- RECORDED INFORMATION -
○ ○ ○ ○
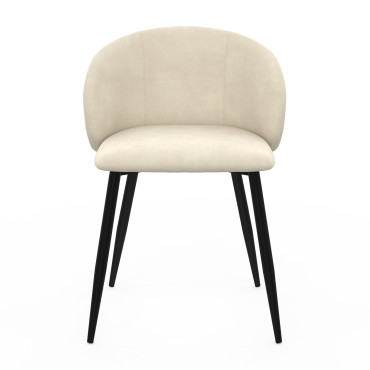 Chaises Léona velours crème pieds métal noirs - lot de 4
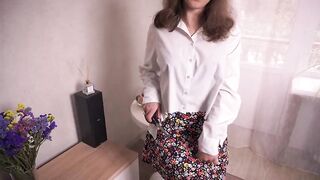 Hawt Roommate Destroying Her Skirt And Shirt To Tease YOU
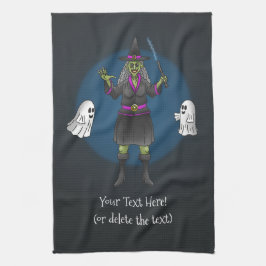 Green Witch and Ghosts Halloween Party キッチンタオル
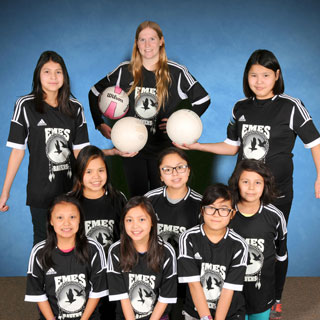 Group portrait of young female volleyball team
○ ○ ○ ○
- EXERCISE DESCRIPTION -
Where a picture appears, skip it; repeat everything else in the data exactly.

- EXPECTED ANSWER -
 Chaises Léona velours crème pieds métal noirs - lot de 4
 Hawt Roommate Destroying Her Skirt And Shirt To Tease YOU
 Green Witch and Ghosts Halloween Party キッチンタオル
 Group portrait of young female volleyball team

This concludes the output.